### Extracted records
○ ○ ○

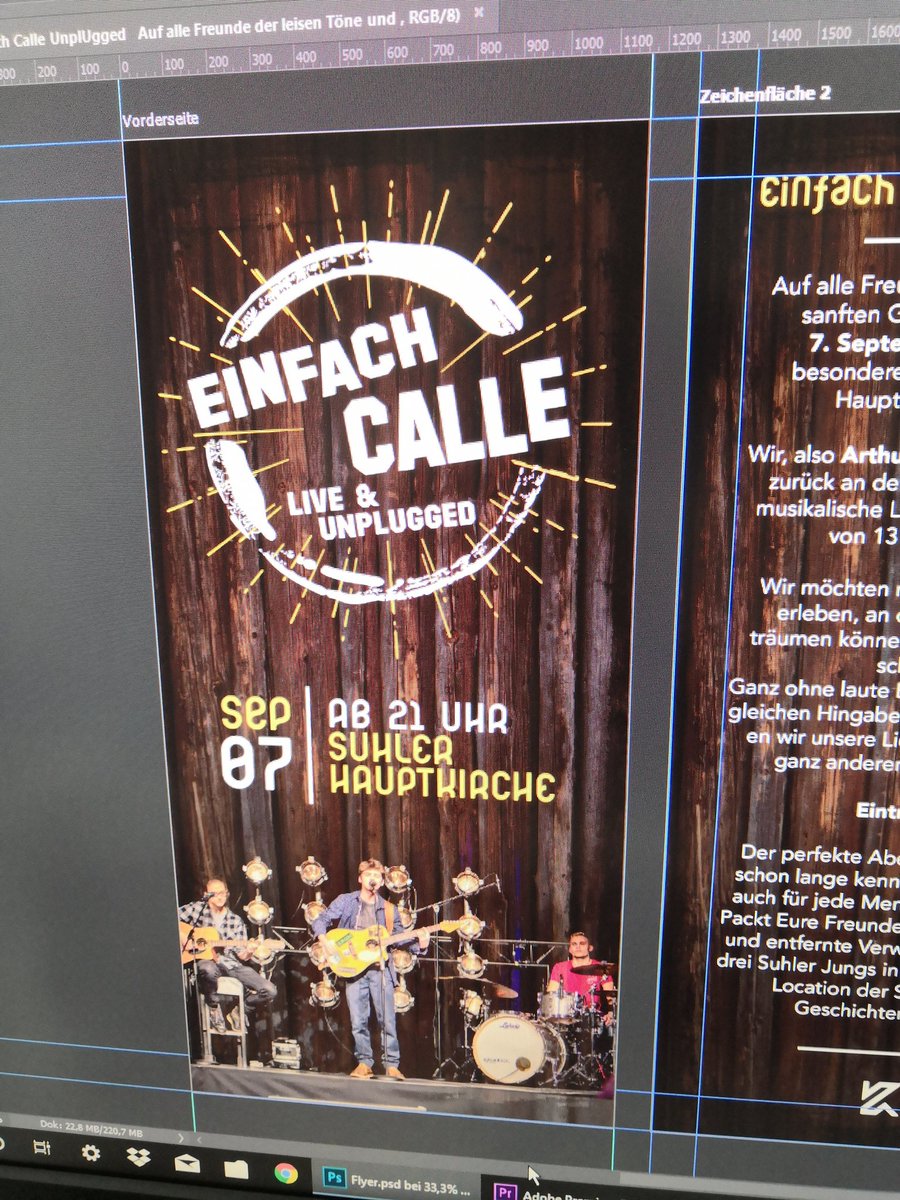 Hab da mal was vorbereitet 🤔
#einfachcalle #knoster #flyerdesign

○ ○ ○

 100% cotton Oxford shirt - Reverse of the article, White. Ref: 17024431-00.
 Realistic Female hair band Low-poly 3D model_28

○ ○ ○

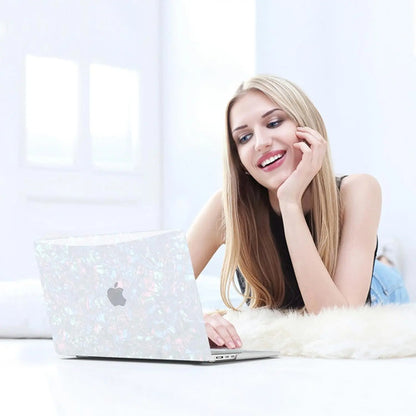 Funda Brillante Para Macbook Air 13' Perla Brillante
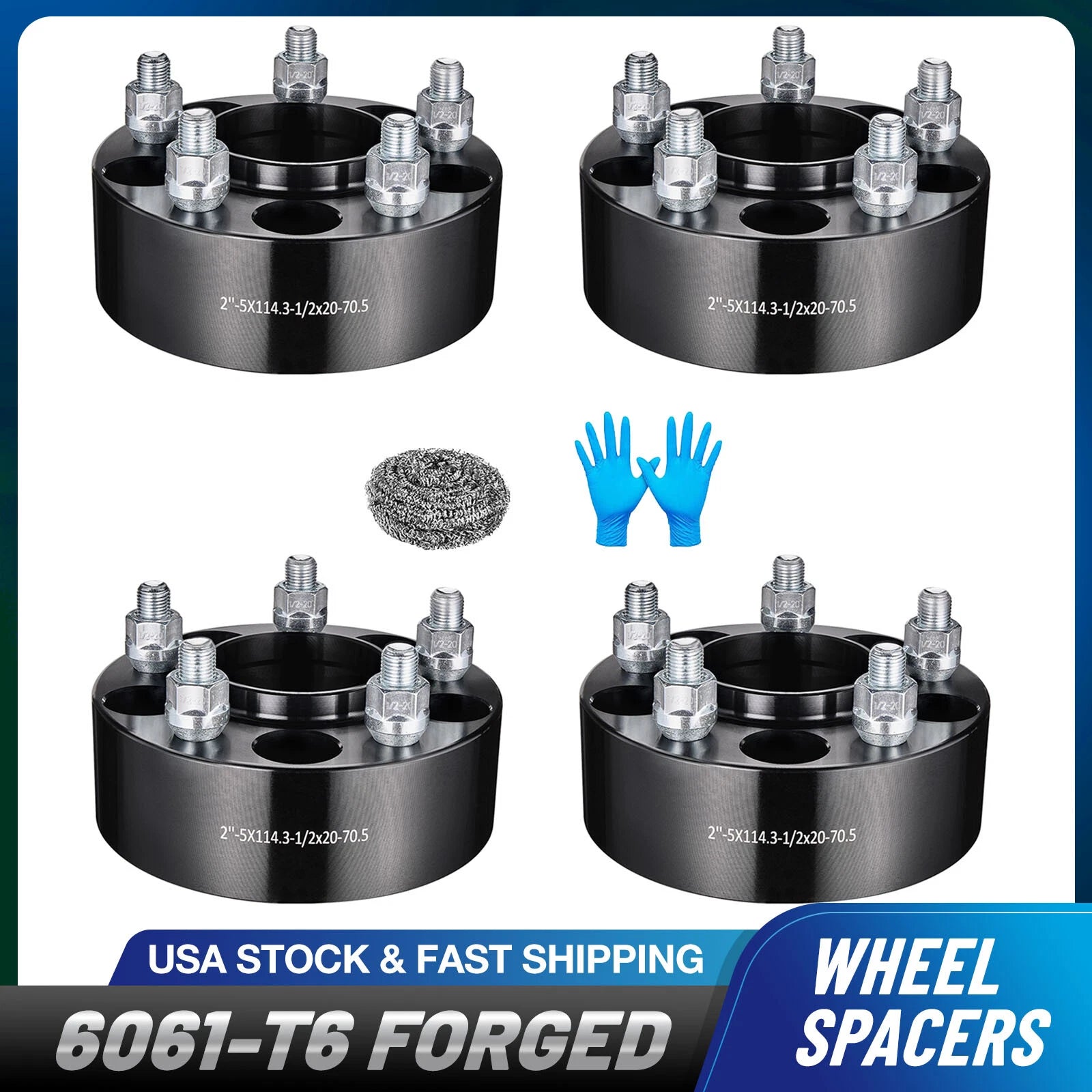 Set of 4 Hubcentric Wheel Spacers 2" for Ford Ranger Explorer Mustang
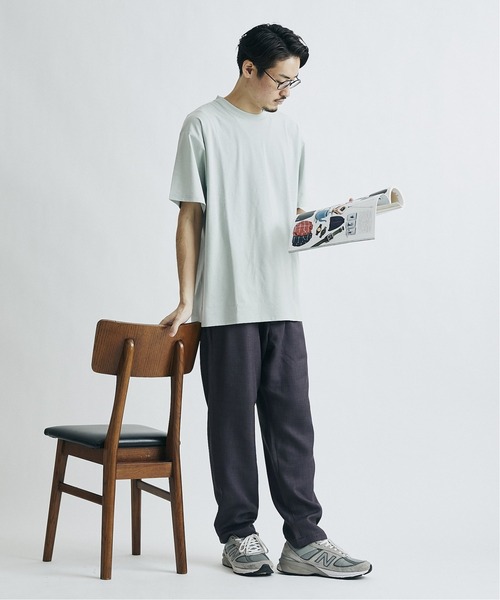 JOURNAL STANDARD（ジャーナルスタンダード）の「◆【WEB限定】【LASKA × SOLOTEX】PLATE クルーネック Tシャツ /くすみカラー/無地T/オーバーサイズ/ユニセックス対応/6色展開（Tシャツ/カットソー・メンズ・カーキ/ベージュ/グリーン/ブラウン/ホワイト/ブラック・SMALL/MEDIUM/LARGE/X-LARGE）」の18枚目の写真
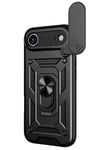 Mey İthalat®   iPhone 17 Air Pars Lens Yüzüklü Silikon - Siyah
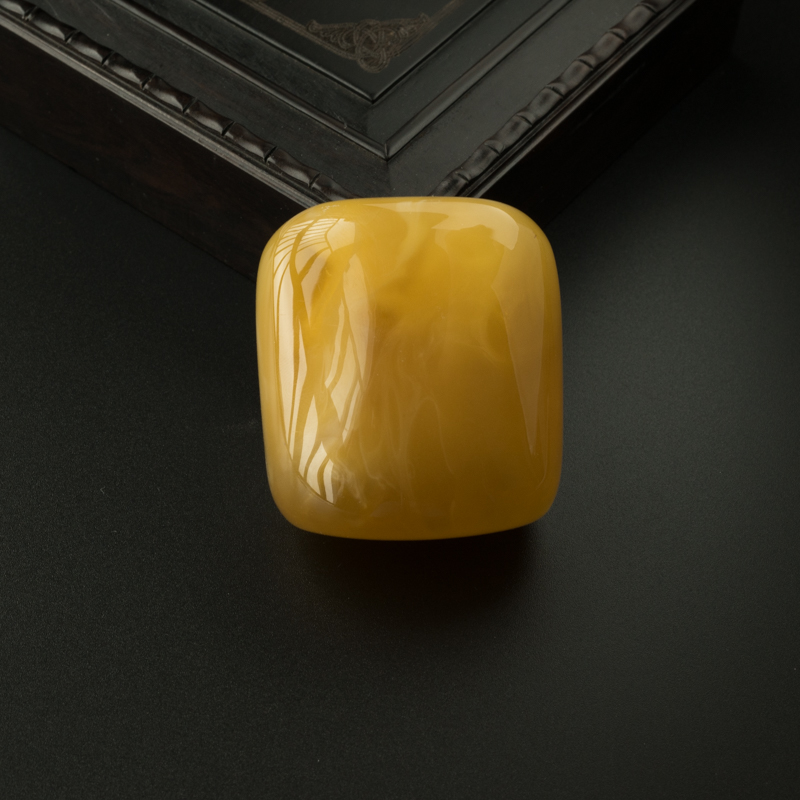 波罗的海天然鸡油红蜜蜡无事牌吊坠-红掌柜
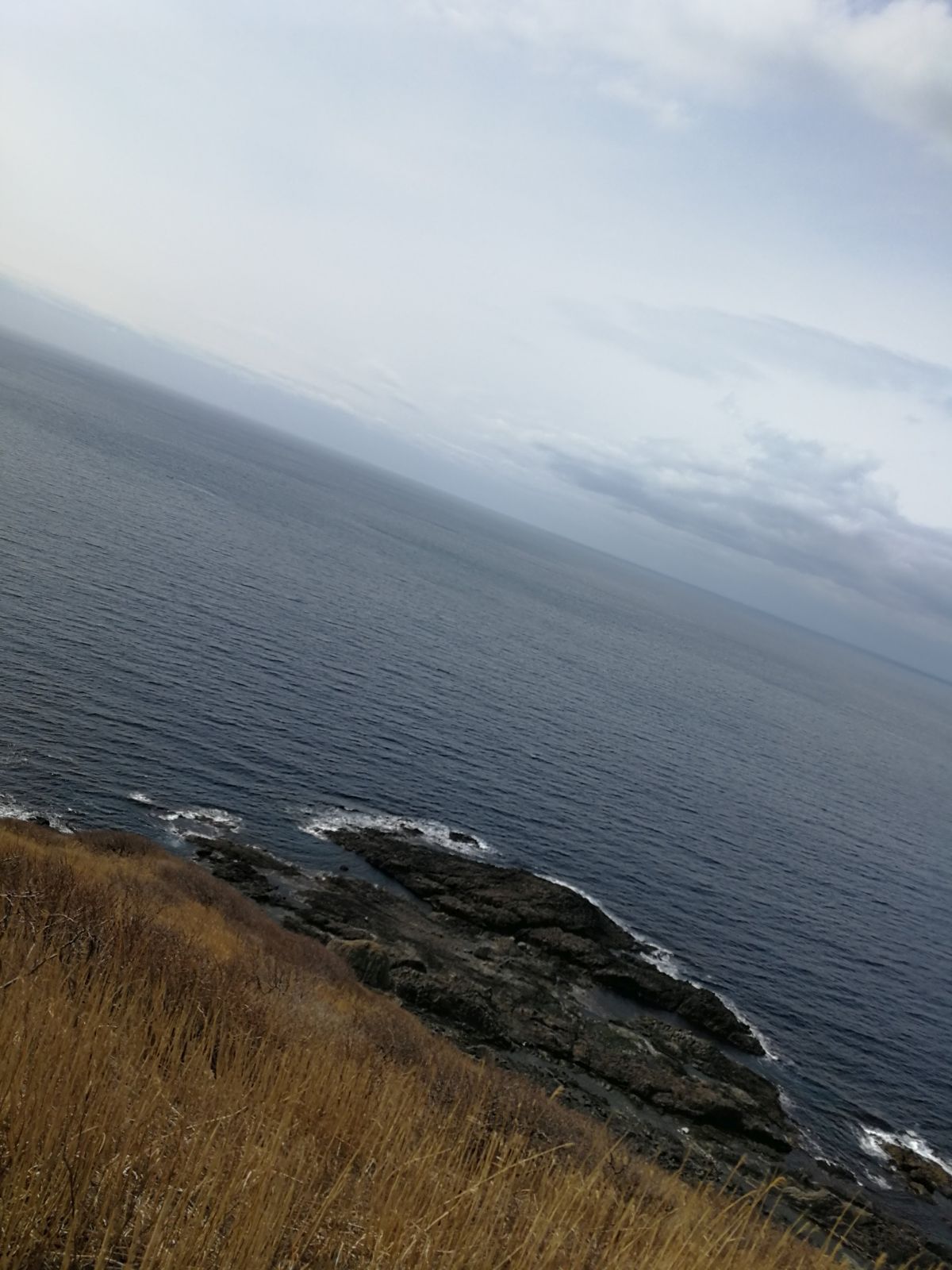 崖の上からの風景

○ ○ ○

### What needs to be done
In the entries above, which lines run from the one with "Hab da mal was vorbereitet 🤔" up to and including the one with "#einfachcalle #knoster #flyerdesign"? Write them out exactly, without the pictures.

### Solution for this exercise
 Hab da mal was vorbereitet 🤔
#einfachcalle #knoster #flyerdesign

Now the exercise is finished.